学校のワークを3回繰り返すことで、学習の目的が少しずつ変わっていきます。
1回目:できない問題を見つける
↓
2回目:できなかった問題をできるようにする
↓
3回目:テストでも確実に解けるようにする
この流れを作ることが、成績アップにつながります。
★成績が伸びない子に多い「1回やって終わり」
残念ながら、「学校のワークは終わらせた」という状態で満足してしまう生徒は少なくありません。

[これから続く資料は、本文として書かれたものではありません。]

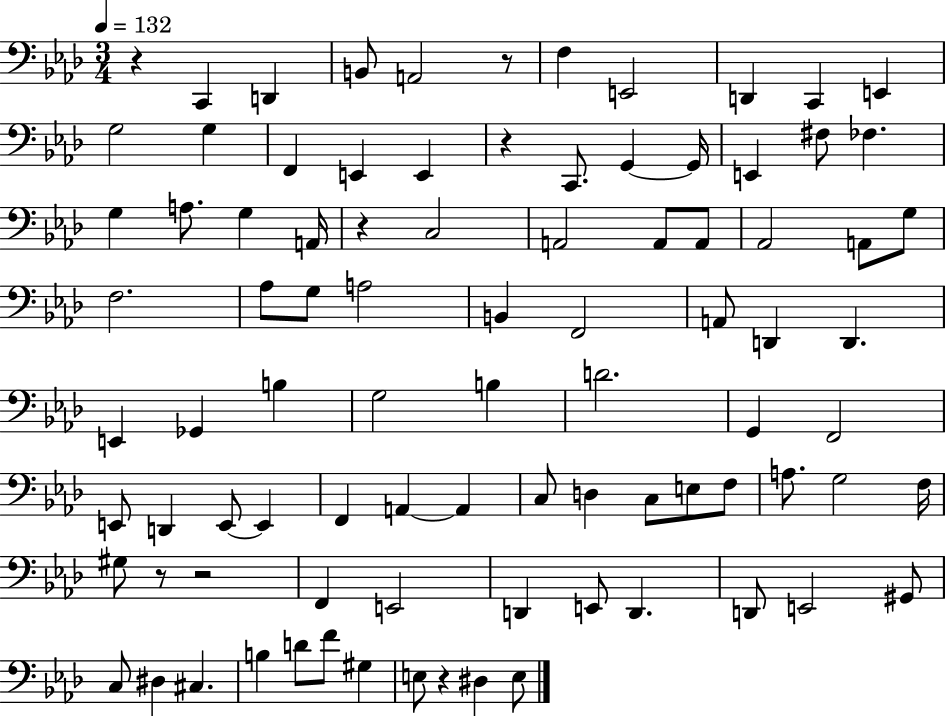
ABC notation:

しかし、ワークを終わらせることと、問題を解けるようになることは別です。
例えば、答えを見ながら解いた問題や、わからないまま丸つけをした問題。
これらは「ワークをやった」ことにはなりますが、テストで正解できるとは限りません。
大切なのは、何ページ進んだかではなく、何問できるようになったか。
ここに意識を変えるだけでも、勉強の質は大きく変わります。
★では、いつから始めればいい?
「テスト前に3回もできない!」そう思うお子さんもいるかもしれません。
その通りです。
だからこそ、テスト直前になってから学校のワークを始めるのでは遅いのです。
おすすめは、
テスト2週間前まで:学校のワーク1回目を終わらせる
テスト1週間前まで:間違えた問題を中心に2回目
テスト直前:もう一度全体を確認して3回目
という流れです。
もちろん、すべての問題を毎回同じように解く必要はありません。
1回目で完璧にできた問題は、確認程度にし、時間をかけるべきなのは、「何度も間違える問題」です。
★「量」だけでなく「できる問題を増やす」ことが大切
勉強が苦手なお子さんほど、「たくさん勉強しなければ」と思ってしまいがちです。
しかし、ただ単に問題をたくさん解くだけでは、成績アップにはつながりません。
大切なのは、できなかった問題を、できる問題に変えていくこと。
そのための最も身近な教材が、毎日学校で使っているワークです。
特別な問題集を何冊も買う前に、まずは学校のワークをしっかり使い切る。
1回解いて終わりではなく、
「できない」を見つける。
「できる」に変える。
「テストでも解ける」状態にする。
この3ステップを繰り返すことが、定期テストの点数アップにつながります。
★まとめ
定期テストで点数を伸ばしたいなら、学校のワークは、「終わらせるためにやる」のではなく、「できるようになるためにやる」ことが大切です。
そして、そのための一つの目安が「3回繰り返す」という学習方法です。
特に、
「勉強しているのに点数が伸びない」
「ワークは提出しているのにテストで点が取れない」
というお子さんは、勉強時間を増やす前に、ワークのやり方そのものを見直してみることをおすすめします。